By now, he had fully taken over Goyle’s bed as his. It’s as messy as his own bed back in Gryffindor Tower, sheets rumpled and pillows skewed sideways. Sometimes, he forgets some of his things, a quill here and a Merlin card gotten from a chocolate frog box there, and these are the things that occupy the bed when he’s gone.
Back in the summer, it had been breakfasts, and now it’s late night snacks.
He swipes whatever he can from the kitchens—scones, chicken pot pie, sandwiches. His friends had been very supportive, as well. Ron continues his supply of chocolate frogs, Ginny gives some Bertie Bott’s Every Flavour Beans once in a while, and Hermione provides him a weekly task list, because “I fully support whatever’s making you happy, Harry, but I do hope the two of you aren’t forgetting your homework?”

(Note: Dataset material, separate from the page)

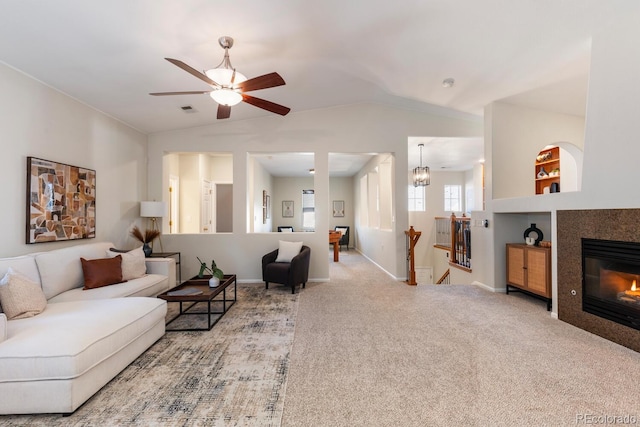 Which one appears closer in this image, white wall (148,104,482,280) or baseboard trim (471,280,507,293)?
baseboard trim (471,280,507,293)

He thinks he should be embarrassed that his friends know what’s going on between him and Draco. Or that they know that nothing’s going on, but they’re helping anyway. And he is embarrassed, but also, he’s just very, very grateful.

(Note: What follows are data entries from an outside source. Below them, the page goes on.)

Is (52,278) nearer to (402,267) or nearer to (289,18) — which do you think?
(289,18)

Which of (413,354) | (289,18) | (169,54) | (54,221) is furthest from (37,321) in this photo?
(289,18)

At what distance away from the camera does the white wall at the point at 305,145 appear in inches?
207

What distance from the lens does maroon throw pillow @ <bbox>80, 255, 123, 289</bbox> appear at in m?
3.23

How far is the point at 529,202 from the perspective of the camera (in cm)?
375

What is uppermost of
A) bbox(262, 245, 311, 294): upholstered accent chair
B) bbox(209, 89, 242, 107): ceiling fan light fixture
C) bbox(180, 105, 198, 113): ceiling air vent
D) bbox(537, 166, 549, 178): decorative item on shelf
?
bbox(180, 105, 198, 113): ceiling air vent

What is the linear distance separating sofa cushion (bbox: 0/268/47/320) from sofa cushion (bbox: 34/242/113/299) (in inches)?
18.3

Draco accepts the chocolate frogs every time, and even tries some of Ginny’s Beans. He looks at Hermione’s task list, and never fails to make totally unnecessary comments. “You haven’t done your Potions essay yet? Potter, I’ve finished that days ago.”
The late night snacking works. Draco doesn’t look like an emaciated corpse now. Astoria tells him with a cheerful smile, when they pass each other by in the halls, that Draco has also been having a good appetite in the Great Hall lately. Personally, he thinks Draco’s starting to become too addicted to the frogs.
They talk about classes, their lessons, and the occasional gossip.
(“What’s this I hear about you and Astoria getting it on in the boathouse?”
“Oh my god, Malfoy, I didn’t do anything!”
“That’s not what the Hufflepuffs said.”
“I…We…We just talked!”
“Relax. I was joking. If you really had done something to her, I would have hexed you. She’s like a little sister to me.”
Well, you’re not an older brother to her, Harry had wanted to say, but he had been happy, so shamelessly happy to hear it clearly said that Draco doesn’t like her that way.)
Sometimes, Harry talks about himself.
It was uncomfortable, at first. He isn’t used to talking about himself. But Draco’s a good listener, all eyes and ears, nodding at the right times, and asking questions, but never too much. He doesn’t pry, but Harry tells him anyway, because he likes the way Draco looks when he’s really curious and invested.
And sometimes, Draco talks about himself, and sometimes they’re nice stories about his childhood, his family, his friends, and sometimes they’re not so nice, and more than once, Draco had ended up disappearing on him for a few minutes.